Heap/Quickselect | Top K Frequent Elements

2024. 10. 26. 05:40

https://leetcode.com/problems/top-k-frequent-elements/description/?envType=company&envId=facebook&favoriteSlug=facebook-thirty-days

Here’s an updated structured script that includes the Quickselect approach for solving the Top K Frequent Elements problem, along with sorting, heap, and bucket sort methods.

You:
"To solve the problem of finding the k most frequent elements in a list of integers, there are a few different approaches we can take, depending on the input size and the desired level of efficiency. I’ll walk through each approach, from simplest to most optimized, including their pros and cons.

1. Sorting Solution

The simplest approach is to use sorting:

Steps: First, count the frequency of each element using a dictionary or Python's Counter class. Then, convert the frequency dictionary to a list of (element, frequency) tuples and sort this list by frequency in descending order. Finally, select the first k elements from the sorted list.
Time Complexity: O(n log n), due to sorting the entire list of elements by frequency.
Space Complexity: O(n) for the frequency dictionary and sorted list.
Pros:
- Straightforward and easy to implement.
- Suitable for small to moderate input sizes.
Cons:
- Sorting is inefficient for large lists when we only need the top k elements. Sorting all elements doesn’t leverage the partial results we need.

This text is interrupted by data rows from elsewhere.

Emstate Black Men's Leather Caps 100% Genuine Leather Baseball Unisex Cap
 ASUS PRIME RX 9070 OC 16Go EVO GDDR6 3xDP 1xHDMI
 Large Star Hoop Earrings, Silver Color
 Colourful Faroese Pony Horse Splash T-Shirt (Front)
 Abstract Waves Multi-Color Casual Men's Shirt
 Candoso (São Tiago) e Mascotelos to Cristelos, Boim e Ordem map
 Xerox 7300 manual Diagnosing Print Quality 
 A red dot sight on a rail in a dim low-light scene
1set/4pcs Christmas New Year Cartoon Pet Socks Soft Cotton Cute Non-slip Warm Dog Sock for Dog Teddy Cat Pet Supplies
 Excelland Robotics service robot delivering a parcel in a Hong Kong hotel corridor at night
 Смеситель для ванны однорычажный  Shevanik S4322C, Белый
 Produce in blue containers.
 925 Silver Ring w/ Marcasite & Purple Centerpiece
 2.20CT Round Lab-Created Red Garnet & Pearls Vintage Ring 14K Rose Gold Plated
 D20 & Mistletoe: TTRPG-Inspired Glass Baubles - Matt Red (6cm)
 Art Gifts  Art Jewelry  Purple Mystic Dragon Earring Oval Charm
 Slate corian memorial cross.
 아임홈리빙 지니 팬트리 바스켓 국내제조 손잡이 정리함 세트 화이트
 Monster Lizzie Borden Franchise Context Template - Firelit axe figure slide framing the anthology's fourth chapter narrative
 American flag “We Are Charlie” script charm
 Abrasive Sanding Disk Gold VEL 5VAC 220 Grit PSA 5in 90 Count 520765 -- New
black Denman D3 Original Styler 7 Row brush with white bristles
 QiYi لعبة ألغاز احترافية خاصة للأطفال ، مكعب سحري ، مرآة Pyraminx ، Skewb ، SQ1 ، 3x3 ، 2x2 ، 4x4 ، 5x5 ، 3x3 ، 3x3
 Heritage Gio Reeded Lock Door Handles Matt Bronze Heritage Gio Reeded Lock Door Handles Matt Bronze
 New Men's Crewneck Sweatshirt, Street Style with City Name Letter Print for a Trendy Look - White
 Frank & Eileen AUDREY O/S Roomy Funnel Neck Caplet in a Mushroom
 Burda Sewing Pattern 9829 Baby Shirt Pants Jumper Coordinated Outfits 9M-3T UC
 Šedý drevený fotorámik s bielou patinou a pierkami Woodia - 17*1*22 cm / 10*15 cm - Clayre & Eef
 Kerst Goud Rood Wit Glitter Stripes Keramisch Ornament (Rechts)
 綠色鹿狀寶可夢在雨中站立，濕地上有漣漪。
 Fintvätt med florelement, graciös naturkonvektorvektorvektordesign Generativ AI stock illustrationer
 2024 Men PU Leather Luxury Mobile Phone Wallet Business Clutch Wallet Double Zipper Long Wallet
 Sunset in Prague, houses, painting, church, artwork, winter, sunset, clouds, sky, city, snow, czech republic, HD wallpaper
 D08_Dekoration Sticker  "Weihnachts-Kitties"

2. Heap Solution (Efficient for Larger Lists with Small `k`)

A more efficient approach for larger inputs is to use a min-heap:

Steps: After creating a frequency dictionary, we use a min-heap to keep track of the k most frequent elements. For each element and its frequency, we push it into the heap. If the heap size exceeds k, we remove the element with the smallest frequency, ensuring that only the k most frequent elements remain.
Time Complexity: O(n log k), where we add n elements to a heap of size k.
Space Complexity: O(n) for the dictionary and O(k) for the heap.
Pros:
- Efficient for large inputs where k is small relative to n.
- Uses less space by storing only k elements in the heap.
Cons:
- More complex to implement due to heap operations.

3. Bucket Sort Solution (Optimal for Frequency-Based Grouping)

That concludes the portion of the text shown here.